Working one-on-one with students who believed they had been unfairly accused of academic dishonesty was not a role she had ever expected to play.

But it was one step on a surprising journey that led the senior public affairs major to seek and win the office of president of the UCLA Undergraduate Students Association Council.

“The crazy thing is, I never saw myself ever running for USAC,” Velazquez said. “I was an introvert. I had no social media up until last year.”

But in her public affairs coursework, as well as through internships with organizations like JusticeLA, MALDEF and Unite-LA, Velazquez found her own voice by helping others find theirs.

Her campaign for student body president focused on meeting the unique needs of first-generation, low-income students of color.

“I drew upon my own experiences and the experiences of my peers,” she said. “I grew up with a single mom. I grew up low-income, as well. And you know, I’m the first in my family to attend college.”

Those experiences helped shape a platform based on listening to the concerns of a wide range of students, then helping them connect with the right contacts in the UCLA administration. So far this year, this has included helping undocumented students navigate the university’s financial aid system and advocating for the creation of a special office to provide resources to those accused of academic dishonesty.

During the COVID-19 lockdown last year, UCLA saw an uptick in these cases, with students struggling to defend themselves over Zoom, said Velazquez, who at the time was the student body’s academic affairs commissioner. While providing guidance in these cases was not a formal part of her responsibilities, she decided to step in.

“One of the things I liked most about the role was the work that I got to do one-on-one with students,” she said. “I really fell in love with this project because I really see myself advocating for students in the future.”

Velazquez acknowledged that managing her academic workload, juggling several part-time jobs and serving in student government — which can be a lightning rod for criticism — has been physically and emotionally draining, especially during the pandemic.

She has leaned on friends and a tight-knit family, and has drawn support from the public affairs department she joined as a freshman pre-major.
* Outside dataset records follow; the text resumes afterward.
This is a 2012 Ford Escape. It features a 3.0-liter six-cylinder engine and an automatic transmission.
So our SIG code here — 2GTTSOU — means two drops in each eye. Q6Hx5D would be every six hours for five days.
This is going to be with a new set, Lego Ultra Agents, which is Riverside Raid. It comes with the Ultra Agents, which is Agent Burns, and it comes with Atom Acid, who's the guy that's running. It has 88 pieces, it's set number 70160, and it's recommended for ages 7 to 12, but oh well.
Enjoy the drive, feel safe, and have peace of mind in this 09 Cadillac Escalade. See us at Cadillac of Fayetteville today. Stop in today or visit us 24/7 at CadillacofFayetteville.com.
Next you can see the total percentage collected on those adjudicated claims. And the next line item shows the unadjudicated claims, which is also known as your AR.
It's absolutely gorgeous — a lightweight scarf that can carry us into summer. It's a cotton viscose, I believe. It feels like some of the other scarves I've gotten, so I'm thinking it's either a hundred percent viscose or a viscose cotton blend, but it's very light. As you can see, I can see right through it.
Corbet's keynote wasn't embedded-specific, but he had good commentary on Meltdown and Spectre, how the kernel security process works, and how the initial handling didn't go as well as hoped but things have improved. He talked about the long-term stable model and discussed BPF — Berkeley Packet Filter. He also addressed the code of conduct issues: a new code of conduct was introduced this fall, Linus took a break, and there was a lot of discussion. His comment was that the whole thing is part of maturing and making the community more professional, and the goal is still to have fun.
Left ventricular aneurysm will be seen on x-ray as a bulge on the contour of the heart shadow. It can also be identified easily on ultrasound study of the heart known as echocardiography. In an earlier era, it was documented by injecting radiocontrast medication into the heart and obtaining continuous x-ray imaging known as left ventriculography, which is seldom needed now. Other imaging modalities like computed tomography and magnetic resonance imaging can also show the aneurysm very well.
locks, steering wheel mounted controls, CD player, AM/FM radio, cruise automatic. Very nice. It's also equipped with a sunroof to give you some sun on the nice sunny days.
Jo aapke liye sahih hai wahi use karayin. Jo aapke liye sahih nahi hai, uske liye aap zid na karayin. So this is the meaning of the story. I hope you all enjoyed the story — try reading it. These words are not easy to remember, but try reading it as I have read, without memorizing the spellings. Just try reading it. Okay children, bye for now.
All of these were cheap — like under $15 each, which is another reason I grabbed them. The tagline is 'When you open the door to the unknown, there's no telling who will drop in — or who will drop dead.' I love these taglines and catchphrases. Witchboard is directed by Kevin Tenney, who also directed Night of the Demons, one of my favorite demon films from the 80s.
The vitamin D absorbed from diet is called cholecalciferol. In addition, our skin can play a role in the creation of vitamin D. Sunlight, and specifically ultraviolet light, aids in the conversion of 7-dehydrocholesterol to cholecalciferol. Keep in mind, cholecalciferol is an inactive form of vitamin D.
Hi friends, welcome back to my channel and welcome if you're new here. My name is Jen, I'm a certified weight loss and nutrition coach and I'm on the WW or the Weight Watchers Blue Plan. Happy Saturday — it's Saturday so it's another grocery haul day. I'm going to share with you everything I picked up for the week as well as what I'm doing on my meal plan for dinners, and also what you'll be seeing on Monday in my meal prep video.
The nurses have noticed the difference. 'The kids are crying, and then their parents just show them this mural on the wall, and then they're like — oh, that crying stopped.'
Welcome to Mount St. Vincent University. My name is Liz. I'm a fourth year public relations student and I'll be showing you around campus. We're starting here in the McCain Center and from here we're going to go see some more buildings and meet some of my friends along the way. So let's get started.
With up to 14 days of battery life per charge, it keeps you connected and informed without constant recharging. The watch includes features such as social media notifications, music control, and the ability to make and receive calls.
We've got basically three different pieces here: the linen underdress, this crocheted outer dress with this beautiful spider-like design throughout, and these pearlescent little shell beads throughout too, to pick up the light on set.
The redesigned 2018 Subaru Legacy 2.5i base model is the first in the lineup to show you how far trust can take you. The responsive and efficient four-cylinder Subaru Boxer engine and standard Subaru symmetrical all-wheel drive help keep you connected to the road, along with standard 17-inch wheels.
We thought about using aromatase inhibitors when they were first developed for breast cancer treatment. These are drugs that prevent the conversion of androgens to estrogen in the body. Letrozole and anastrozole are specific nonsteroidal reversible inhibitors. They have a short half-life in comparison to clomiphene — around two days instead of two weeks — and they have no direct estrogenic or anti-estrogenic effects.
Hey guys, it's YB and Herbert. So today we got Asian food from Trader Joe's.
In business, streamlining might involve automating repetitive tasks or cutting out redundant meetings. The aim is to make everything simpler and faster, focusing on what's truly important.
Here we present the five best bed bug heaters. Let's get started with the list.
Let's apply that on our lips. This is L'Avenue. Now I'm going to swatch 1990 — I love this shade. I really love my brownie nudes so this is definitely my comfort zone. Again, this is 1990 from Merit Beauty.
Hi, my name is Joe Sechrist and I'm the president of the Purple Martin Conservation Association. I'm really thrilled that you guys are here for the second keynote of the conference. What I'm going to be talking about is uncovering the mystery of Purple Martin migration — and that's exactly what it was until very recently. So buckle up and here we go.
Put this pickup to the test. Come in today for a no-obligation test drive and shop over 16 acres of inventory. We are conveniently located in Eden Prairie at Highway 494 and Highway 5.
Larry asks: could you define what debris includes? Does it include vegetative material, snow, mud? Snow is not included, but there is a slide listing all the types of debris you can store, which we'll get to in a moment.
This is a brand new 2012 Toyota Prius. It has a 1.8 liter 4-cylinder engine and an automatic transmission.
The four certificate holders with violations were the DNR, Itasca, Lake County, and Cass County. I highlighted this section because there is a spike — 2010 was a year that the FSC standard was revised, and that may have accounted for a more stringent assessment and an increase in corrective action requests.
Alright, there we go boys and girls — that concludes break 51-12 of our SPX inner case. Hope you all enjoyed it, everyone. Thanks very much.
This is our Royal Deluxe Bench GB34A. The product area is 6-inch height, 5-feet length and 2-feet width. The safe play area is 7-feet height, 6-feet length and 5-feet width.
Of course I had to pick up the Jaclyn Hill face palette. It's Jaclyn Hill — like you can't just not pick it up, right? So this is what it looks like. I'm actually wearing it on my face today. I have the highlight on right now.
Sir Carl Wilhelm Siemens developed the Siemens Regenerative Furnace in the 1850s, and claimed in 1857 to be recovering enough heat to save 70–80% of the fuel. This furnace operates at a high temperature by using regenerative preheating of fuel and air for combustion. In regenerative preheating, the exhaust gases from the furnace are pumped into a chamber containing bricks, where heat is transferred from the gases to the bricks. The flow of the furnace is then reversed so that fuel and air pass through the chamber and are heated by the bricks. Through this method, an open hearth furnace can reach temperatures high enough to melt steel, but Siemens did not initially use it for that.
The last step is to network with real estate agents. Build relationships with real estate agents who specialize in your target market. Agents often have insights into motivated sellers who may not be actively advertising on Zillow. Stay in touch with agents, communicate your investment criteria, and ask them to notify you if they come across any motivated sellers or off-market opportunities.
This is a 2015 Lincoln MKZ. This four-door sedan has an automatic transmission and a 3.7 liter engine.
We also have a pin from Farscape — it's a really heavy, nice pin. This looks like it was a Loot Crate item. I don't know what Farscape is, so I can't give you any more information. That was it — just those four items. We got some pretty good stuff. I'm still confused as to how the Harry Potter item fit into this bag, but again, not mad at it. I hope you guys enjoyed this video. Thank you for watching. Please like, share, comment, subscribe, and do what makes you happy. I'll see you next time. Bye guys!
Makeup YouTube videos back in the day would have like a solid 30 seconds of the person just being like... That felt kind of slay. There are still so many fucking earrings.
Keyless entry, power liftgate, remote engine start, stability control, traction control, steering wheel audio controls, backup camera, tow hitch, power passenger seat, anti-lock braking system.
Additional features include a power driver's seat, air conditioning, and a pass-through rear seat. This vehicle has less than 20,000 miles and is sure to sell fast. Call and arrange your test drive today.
“I just really found a community within the major. The students are so compassionate,” she said.

“And I look back on some of the professors I had who really supported me. Meredith Phillips, she was amazing,” Velazquez said of the undergraduate program’s founding chair. “I have gone to her for advice time and time again, even right now.”

Her coursework in public affairs, as well as Chicana/o and Central American studies — both intimate, interdisciplinary programs — has also helped bring her life goals into focus. Each department encouraged her to engage in the community and take advantage of course offerings from across campus, including in policy, education and law — fields she is interested in pursuing after graduation.

Until then, she’ll spend her year as student body president working to elevate the voices of students and helping them access UCLA resources.

“As difficult as it has been and as much as I never pictured myself taking on this role, … I know that I care about this and I’m strong enough because I was raised the right way,” she said. “My mom taught me that I’m a strong woman and no one’s going to deter what I need to get done.”